Editorial: A Rate Cut That Hits Home – What the Bank of Zambia’s Decision Means for You

Editorial

On Monday, the Bank of Zambia’s Monetary Policy Committee delivered a decision that should matter to every Zambian – from the market trader in Soweto to the salaried professional in Woodlands. The central bank cut the benchmark lending rate by 75 basis points to 13.5 per cent, only the second reduction in five years and a larger move than most analysts had expected. Reuters had forecast a more cautious cut to 14 per cent. The Bank of Zambia went further, and that confidence tells its own story.

Governor Denny Kalyalya was clear about what drove the decision: inflation has fallen faster than anyone predicted. In January, the annual rate dropped to 9.4 per cent, down sharply from 11.2 per cent in December. A bumper maize harvest has brought food prices down, and the Kwacha’s strengthening – up roughly 4 per cent against the dollar in the fourth quarter and a further 14 per cent so far this year – has made imports cheaper. The central bank now expects inflation to fall within its 6 to 8 per cent target band by the second quarter of this year, far earlier than projected just three months ago. The average for 2026 is forecast at 6.9 per cent, down from November’s projection of 7.6 per cent.

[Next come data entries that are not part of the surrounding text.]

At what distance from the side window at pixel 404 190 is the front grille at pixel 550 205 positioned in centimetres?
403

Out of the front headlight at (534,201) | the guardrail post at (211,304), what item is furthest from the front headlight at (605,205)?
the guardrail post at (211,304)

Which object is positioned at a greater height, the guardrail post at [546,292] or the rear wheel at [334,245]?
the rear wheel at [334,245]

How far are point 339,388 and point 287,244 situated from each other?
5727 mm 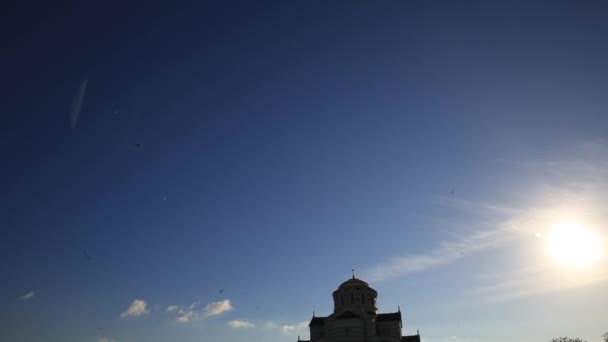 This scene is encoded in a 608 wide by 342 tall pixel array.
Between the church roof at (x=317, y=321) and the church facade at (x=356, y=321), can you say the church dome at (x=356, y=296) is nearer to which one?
the church facade at (x=356, y=321)

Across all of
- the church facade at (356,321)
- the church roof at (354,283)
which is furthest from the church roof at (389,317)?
the church roof at (354,283)

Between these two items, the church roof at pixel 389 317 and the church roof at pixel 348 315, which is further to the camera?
the church roof at pixel 389 317

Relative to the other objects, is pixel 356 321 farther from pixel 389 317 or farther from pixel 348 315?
pixel 389 317

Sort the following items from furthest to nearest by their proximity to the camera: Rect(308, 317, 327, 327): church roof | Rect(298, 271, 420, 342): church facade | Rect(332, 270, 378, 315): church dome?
Rect(308, 317, 327, 327): church roof → Rect(332, 270, 378, 315): church dome → Rect(298, 271, 420, 342): church facade

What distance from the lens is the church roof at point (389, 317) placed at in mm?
62812

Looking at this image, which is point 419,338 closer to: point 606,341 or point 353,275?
point 353,275

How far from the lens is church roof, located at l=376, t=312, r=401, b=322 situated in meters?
62.8

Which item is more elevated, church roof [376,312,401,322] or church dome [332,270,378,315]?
church dome [332,270,378,315]

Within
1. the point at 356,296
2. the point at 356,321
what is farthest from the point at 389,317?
the point at 356,321

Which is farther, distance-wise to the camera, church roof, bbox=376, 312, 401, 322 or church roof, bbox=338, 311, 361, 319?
church roof, bbox=376, 312, 401, 322

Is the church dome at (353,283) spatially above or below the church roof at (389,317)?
above

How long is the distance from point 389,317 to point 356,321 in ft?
30.7

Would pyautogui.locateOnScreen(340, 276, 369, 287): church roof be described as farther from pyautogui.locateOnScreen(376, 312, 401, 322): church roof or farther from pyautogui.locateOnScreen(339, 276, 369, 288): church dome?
pyautogui.locateOnScreen(376, 312, 401, 322): church roof

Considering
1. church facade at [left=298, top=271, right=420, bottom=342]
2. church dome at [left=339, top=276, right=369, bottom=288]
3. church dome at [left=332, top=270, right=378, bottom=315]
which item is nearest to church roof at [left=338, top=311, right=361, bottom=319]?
church facade at [left=298, top=271, right=420, bottom=342]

These are not abstract numbers. They describe the cost of living. When inflation falls, mealie meal, cooking oil and transport fares stabilise. Your money stretches further at the the market. When the Kwacha strengthens, the price of imported goods – from fuel to medicine to building materials – comes down. For millions of Zambians who have endured years of rising prices, this is tangible relief.

And now the interest rate cut adds another dimension. A lower policy rate signals to commercial banks that borrowing costs should come down. For the small business owner looking to stock up on inventory, the young couple hoping to buy their first home, or the farmer seeking credit ahead of the planting season, cheaper loans make the difference between opportunity seized and opportunity lost.

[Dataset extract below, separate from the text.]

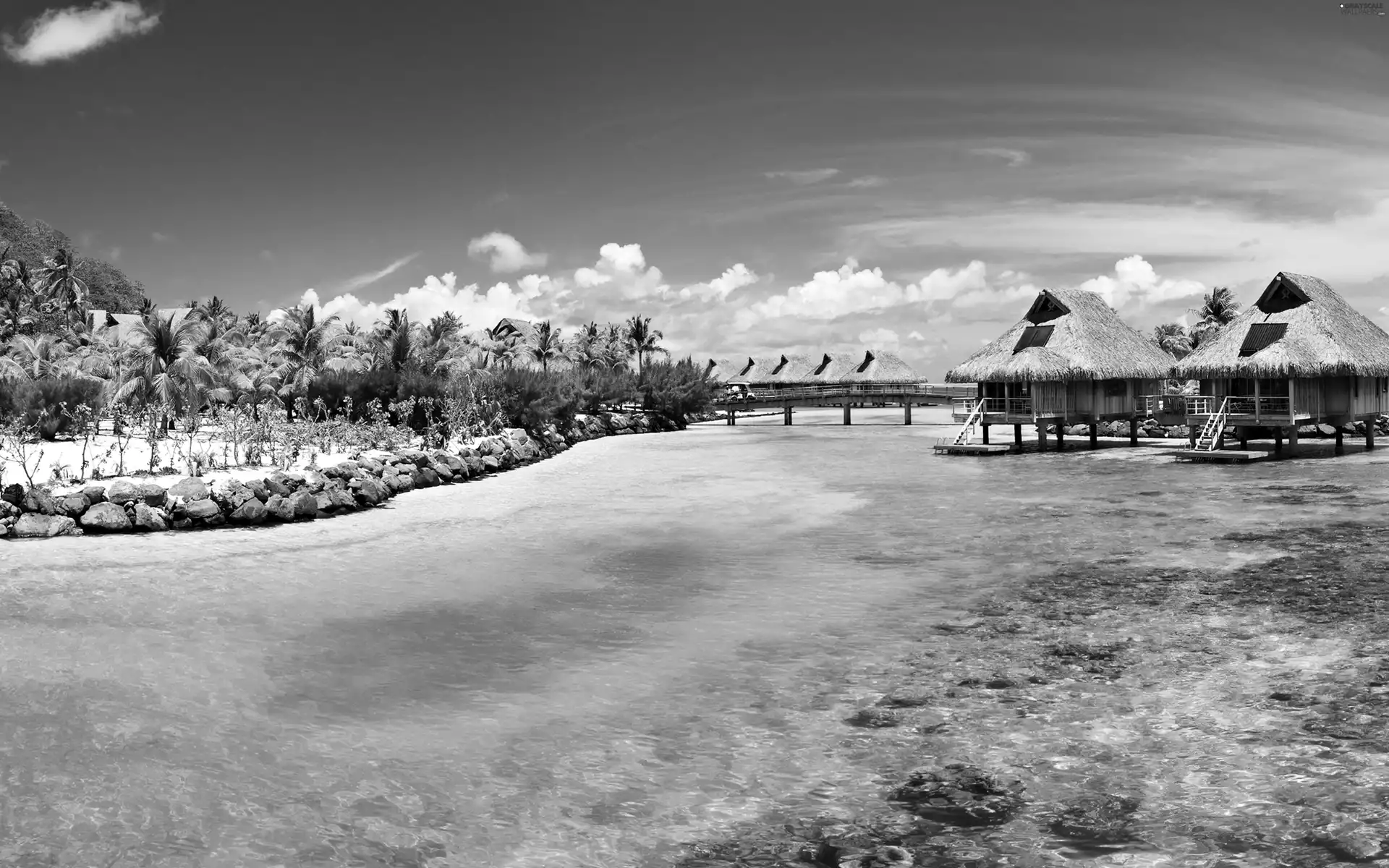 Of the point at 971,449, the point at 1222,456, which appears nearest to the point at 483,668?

President Hakainde Hichilema came to office in 2021 inheriting an economy in crisis – Africa’s first pandemic-era sovereign default, inflation spiralling beyond control, and a currency in freefall. The reforms that followed were often painful and rarely popular. Fiscal discipline, IMF engagement, debt restructuring negotiations, and a refusal to take the easy, short-term path demanded patience from a population that had already endured too much. The President spoke often of sowing seeds. Critics asked when the harvest would come.

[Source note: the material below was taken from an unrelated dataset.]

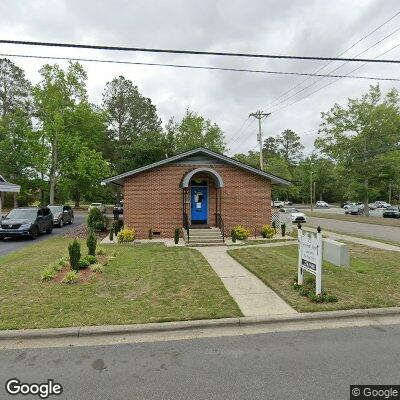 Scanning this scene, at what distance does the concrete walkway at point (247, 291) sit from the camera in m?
6.01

The evidence now suggests the harvest is arriving. Inflation at its lowest level in years and falling. A currency that is strengthening rather than collapsing. The mining sector supplied more than $759 million in foreign exchange in the fourth quarter alone, up from $637 million the previous quarter, with mining-related tax payments nearly doubling to $344.6 million. A sovereign credit rating upgrade has boosted investor sentiment, and non-resident holdings of government securities have risen to K65.7 billion – a quarter of all outstanding government debt. Foreign investors are putting their money where their confidence is.

None of this should invite complacency, but the trajectory is now unmistakable. This rate cut is evidence that the process is working. The seeds that were sown in the difficult early years of this administration are bearing fruit.